## [Activity]
Can you print every record below exactly as written?

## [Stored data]
-------------------------
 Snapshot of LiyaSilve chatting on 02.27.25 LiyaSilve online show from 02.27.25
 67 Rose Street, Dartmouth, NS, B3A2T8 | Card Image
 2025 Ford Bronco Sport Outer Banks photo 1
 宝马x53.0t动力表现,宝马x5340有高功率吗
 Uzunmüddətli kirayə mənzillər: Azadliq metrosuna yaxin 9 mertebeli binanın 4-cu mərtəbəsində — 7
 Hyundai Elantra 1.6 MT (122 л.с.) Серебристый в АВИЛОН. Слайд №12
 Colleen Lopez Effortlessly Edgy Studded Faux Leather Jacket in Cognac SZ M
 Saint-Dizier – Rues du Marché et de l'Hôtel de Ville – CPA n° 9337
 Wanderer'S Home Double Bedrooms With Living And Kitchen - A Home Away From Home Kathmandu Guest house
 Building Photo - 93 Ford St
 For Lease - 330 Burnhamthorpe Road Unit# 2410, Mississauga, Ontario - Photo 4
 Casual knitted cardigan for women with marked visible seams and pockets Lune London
-------------------------
## [Exercise solution]
 Snapshot of LiyaSilve chatting on 02.27.25 LiyaSilve online show from 02.27.25
 67 Rose Street, Dartmouth, NS, B3A2T8 | Card Image
 2025 Ford Bronco Sport Outer Banks photo 1
 宝马x53.0t动力表现,宝马x5340有高功率吗
 Uzunmüddətli kirayə mənzillər: Azadliq metrosuna yaxin 9 mertebeli binanın 4-cu mərtəbəsində — 7
 Hyundai Elantra 1.6 MT (122 л.с.) Серебристый в АВИЛОН. Слайд №12
 Colleen Lopez Effortlessly Edgy Studded Faux Leather Jacket in Cognac SZ M
 Saint-Dizier – Rues du Marché et de l'Hôtel de Ville – CPA n° 9337
 Wanderer'S Home Double Bedrooms With Living And Kitchen - A Home Away From Home Kathmandu Guest house
 Building Photo - 93 Ford St
 For Lease - 330 Burnhamthorpe Road Unit# 2410, Mississauga, Ontario - Photo 4
 Casual knitted cardigan for women with marked visible seams and pockets Lune London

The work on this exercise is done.